Since his appointment, Jaber has attracted further controversy. He has invited the Syrian president, Bashar al-Assad, to the summit, to the outrage of human rights campaigners. He has also hired David Canzini, a former Downing Street operator who helped to kibosh renewable energy plans when advising Boris Johnson, and fanned Liz Truss’s enthusiasm for fossil fuels.
There have been whisperings of internal turmoil within the presidency: at least three PR companies that were working, or hoping to work, on aspects of the summit have had contracts terminated, and at least two high-ranking officials have recently left, one for personal reasons.
Most damagingly, Jaber was hit with a stinging broadside by the former UN climate chief Christiana Figueres, one of the architects of the Paris agreement. In her Outrage and Optimism podcast, she accused him of imperilling Cop28 by appearing to favour carbon capture and storage technology, as a way of enabling fossil fuel use to continue.
“From a Cop president perspective, it’s very dangerous. I just don’t see most countries, and certainly not the vulnerable countries, being willing to support the Cop president on this because it is a direct threat to their survival,” she said.
For Jaber, the criticism comes as a surprise and a challenge, which he has responded to by embarking on a global listening tour that has taken in governments, civil society groups, scientists and industry, both the high and low carbon varieties. “Do not prejudge me,” he pleaded with his critics, arguing that as it is the fossil fuel industry that must change most to stave off the climate crisis, an oil industry insider was best placed to make that change.
“Proactively, I decided I want to go and engage with everybody,” he told the Guardian in a rare interview. “I am here promoting inclusivity for Cop28 – I want everyone to be heard, and I want everyone to have face time with me. So I travelled the world and I met even with those who attack me publicly. I made it a point to go and see them.”
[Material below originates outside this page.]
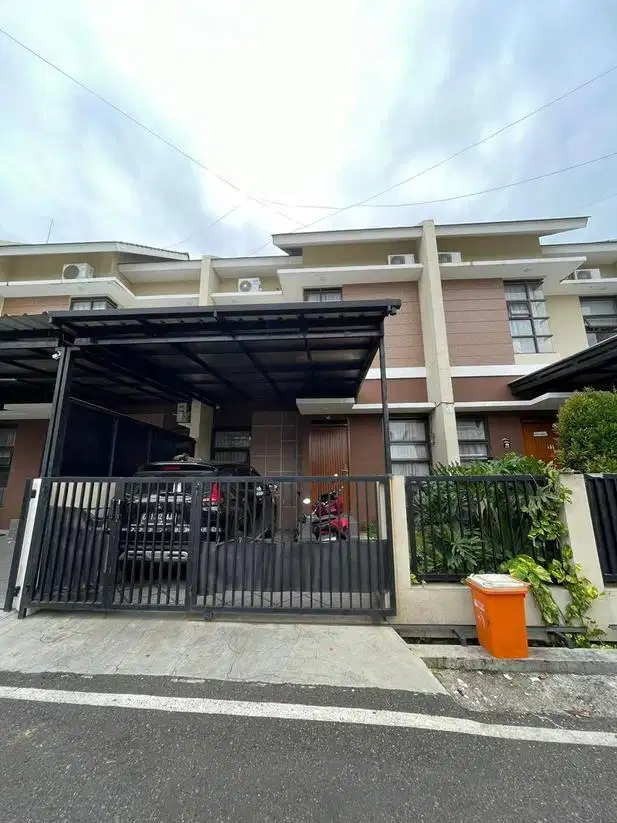 Rumah Terawat Di Cisaranten Arcamanik Dekat Antapani ujung berung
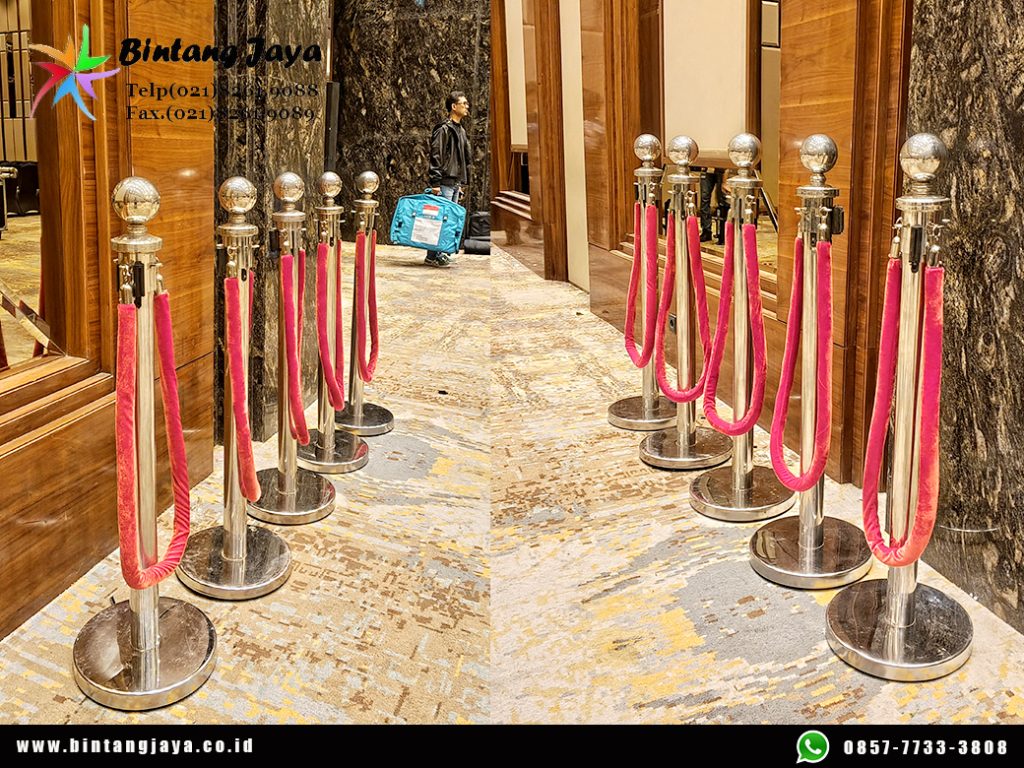 Rental Tiang Antri VIP Tali Bludru Merah di Jakarta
The results had been encouraging, he said. “While I appreciate all the feedback I got from everybody, representing all sectors and all industries, I promise you, the best feedback I got and the best advice I got was the uncensored feedback, guidance and advice that I received from NGOs and civil society. Everywhere,” he said. “Starting from the UK, to France, to Germany, to Copenhagen, to India twice, to China, New York, Houston and Washington DC, twice.”
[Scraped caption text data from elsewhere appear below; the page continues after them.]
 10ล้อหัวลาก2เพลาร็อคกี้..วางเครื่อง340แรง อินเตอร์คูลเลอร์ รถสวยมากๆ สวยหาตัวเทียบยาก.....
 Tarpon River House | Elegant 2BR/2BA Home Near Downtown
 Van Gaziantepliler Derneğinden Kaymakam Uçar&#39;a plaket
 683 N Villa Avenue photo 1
For proof of his intent as Cop president, Jaber said he was not a conventional oil industry executive. Although he was handpicked by the then ruler of UAE, Sheikh Khalifa bin Zayed Al Nahyan, to lead Adnoc in 2016, Jaber started out quite differently. He was the co-founder in 2006 of Masdar, a renewable energy company specialising in solar farms and wind, investing globally and operating in 40 countries including the UK and US. Jaber is still chair of Masdar and has commanded a large rise in its production. “I am passionate about this [renewable energy],” he said. “I believe in it.”
On the issue of carbon capture, Jaber’s defence is that the technology will be needed and that countries should work together on all ways of reducing emissions and tackling the climate crisis.
“If we were just laser focused on reducing emissions, while investing in the acceleration of renewable energy, and investing in the acceleration and deployment of new and emerging viable zero-carbon emission new sources of energy, I think we’d be in a much better place. But to get there, we need to stop the fingerpointing. We need to stop this polarisation. We need to flip the page and start focusing on being optimistic, positive and working together in harmony.”
As well as persuading countries to come up with concrete plans on emissions cuts, in line with the Paris agreement goals, Jaber will have to find answers to the parallel – and just as tricky – question of financial support for the poor world.
Cop27 ended with a resounding victory for developing countries on the vexed issue of loss and damage. This refers to the catastrophic effects of extreme weather, which are already laying waste to many countries – such as the devastating floods in Pakistan last year, which affected 33 million people and wiped a third off the country’s GDP.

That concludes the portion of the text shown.